Si après plusieurs parties vos élèves n’ont pas trouvé la stratégie optimale, vous pouvez leur proposer de jouer avec une autre version du jeu de Nim (bouton Demo2).

Dans un premier temps, mieux vaut ne pas leur dire qu’ils perdront à chaque fois ! En effet :

  • le bloc ordiJoue (qui apparaît sous forme réduite) a été programmé pour que l’ordinateur joue de façon optimale et non aléatoirement comme précédemment.
  • le nombre d’allumettes initial (20) est un multiple de 4, ce qui est une position gagnante pour l’ordinateur quels que soient les choix des élèves.

Grâce à la trace du jeu apparaissant dans le tableur, ils devraient je crois découvrir sans peine que l’ordinateur s’arrange pour que les totaux partiels soient des multiples de 4.

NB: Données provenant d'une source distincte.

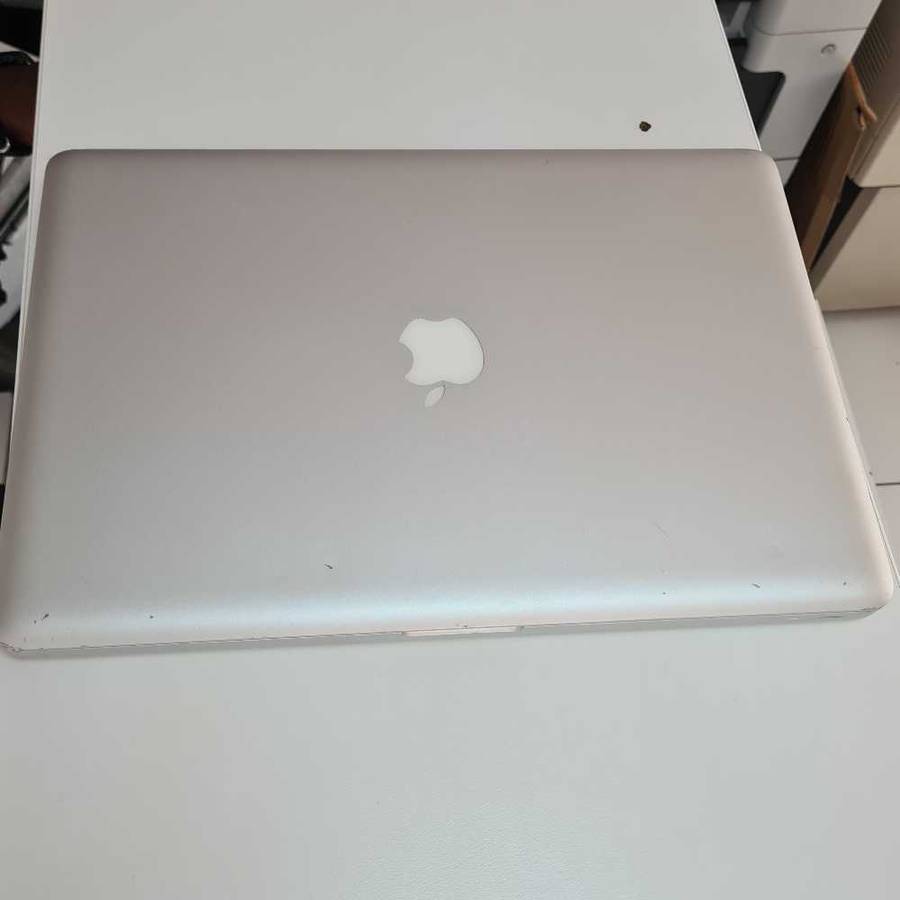 MacBook Pro (15-inch, Early 2011)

Vous pourrez alors les en féliciter, en précisant cependant que leur hypothèse n’est valide que parce que le nombre initial d’allumettes (ici 20) est un multiple de 4. Je vous invite alors à les faire rejouer avec un nombre d’allumettes non multiple de 4 en ajoutant, pour les motiver, que l’ordinateur perdra toujours s’ils trouvent la stratégie gagnante.

Et s’ils ne trouvent toujours pas, je vous suggère de les faire jouer avec une nouvelle version (bouton Demo3) faisant apparaître dans le tableur la différence entre le seuil à atteindre et le nombre total d’allumettes...

D) Conclusion

Ce que je propose dans cet article est simple à résumer :

  • utiliser un tableur (formel) pour faire des mathématiques.
  • utiliser Blockly pour faire de la programmation visuelle.
  • combiner (parfois) les deux grâce à l’extension Xcas de Blockly que j’ai réalisée.